- _Work item_: Your output should be the entries below, from the first line up to and including the line with "Live Composition 2", reproduced exactly and with no other lines.

(Entries taken from a collection)
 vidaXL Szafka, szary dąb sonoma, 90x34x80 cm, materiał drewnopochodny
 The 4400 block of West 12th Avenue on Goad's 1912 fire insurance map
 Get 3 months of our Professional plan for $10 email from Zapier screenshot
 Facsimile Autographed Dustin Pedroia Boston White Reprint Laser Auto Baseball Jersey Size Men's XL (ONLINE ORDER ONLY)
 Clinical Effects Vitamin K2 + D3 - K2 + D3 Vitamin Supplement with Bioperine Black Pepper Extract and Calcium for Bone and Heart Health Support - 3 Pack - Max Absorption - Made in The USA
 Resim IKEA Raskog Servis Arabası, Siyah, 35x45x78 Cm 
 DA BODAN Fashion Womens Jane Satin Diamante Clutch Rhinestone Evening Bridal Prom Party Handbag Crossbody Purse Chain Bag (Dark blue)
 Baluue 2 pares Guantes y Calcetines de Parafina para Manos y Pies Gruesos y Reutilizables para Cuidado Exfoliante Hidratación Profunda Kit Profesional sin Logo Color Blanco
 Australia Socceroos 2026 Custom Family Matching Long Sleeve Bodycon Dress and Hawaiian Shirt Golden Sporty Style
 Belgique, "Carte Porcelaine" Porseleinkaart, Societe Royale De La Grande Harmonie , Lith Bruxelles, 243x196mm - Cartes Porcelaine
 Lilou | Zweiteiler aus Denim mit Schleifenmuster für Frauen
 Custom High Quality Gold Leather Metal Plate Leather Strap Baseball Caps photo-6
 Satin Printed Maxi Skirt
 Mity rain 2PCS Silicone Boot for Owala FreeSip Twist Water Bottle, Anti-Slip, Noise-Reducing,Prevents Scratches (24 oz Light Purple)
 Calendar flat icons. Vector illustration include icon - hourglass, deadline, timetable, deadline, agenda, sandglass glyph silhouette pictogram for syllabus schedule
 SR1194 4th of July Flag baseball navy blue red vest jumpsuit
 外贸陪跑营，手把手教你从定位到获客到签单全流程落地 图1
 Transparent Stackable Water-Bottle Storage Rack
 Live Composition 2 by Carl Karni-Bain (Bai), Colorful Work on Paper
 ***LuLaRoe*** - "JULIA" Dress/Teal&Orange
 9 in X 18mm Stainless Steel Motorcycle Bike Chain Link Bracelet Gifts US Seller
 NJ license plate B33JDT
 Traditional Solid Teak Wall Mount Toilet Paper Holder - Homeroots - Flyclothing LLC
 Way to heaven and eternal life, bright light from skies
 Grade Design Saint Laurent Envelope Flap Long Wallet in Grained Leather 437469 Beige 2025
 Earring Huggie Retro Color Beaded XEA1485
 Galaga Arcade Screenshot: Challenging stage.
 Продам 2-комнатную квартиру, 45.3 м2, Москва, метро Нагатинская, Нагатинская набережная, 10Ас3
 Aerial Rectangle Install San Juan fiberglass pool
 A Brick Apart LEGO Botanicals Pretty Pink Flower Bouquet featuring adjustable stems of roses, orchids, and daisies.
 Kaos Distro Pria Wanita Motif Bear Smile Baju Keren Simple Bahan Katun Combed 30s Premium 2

- _Answer_:
 vidaXL Szafka, szary dąb sonoma, 90x34x80 cm, materiał drewnopochodny
 The 4400 block of West 12th Avenue on Goad's 1912 fire insurance map
 Get 3 months of our Professional plan for $10 email from Zapier screenshot
 Facsimile Autographed Dustin Pedroia Boston White Reprint Laser Auto Baseball Jersey Size Men's XL (ONLINE ORDER ONLY)
 Clinical Effects Vitamin K2 + D3 - K2 + D3 Vitamin Supplement with Bioperine Black Pepper Extract and Calcium for Bone and Heart Health Support - 3 Pack - Max Absorption - Made in The USA
 Resim IKEA Raskog Servis Arabası, Siyah, 35x45x78 Cm 
 DA BODAN Fashion Womens Jane Satin Diamante Clutch Rhinestone Evening Bridal Prom Party Handbag Crossbody Purse Chain Bag (Dark blue)
 Baluue 2 pares Guantes y Calcetines de Parafina para Manos y Pies Gruesos y Reutilizables para Cuidado Exfoliante Hidratación Profunda Kit Profesional sin Logo Color Blanco
 Australia Socceroos 2026 Custom Family Matching Long Sleeve Bodycon Dress and Hawaiian Shirt Golden Sporty Style
 Belgique, "Carte Porcelaine" Porseleinkaart, Societe Royale De La Grande Harmonie , Lith Bruxelles, 243x196mm - Cartes Porcelaine
 Lilou | Zweiteiler aus Denim mit Schleifenmuster für Frauen
 Custom High Quality Gold Leather Metal Plate Leather Strap Baseball Caps photo-6
 Satin Printed Maxi Skirt
 Mity rain 2PCS Silicone Boot for Owala FreeSip Twist Water Bottle, Anti-Slip, Noise-Reducing,Prevents Scratches (24 oz Light Purple)
 Calendar flat icons. Vector illustration include icon - hourglass, deadline, timetable, deadline, agenda, sandglass glyph silhouette pictogram for syllabus schedule
 SR1194 4th of July Flag baseball navy blue red vest jumpsuit
 外贸陪跑营，手把手教你从定位到获客到签单全流程落地 图1
 Transparent Stackable Water-Bottle Storage Rack
 Live Composition 2 by Carl Karni-Bain (Bai), Colorful Work on Paper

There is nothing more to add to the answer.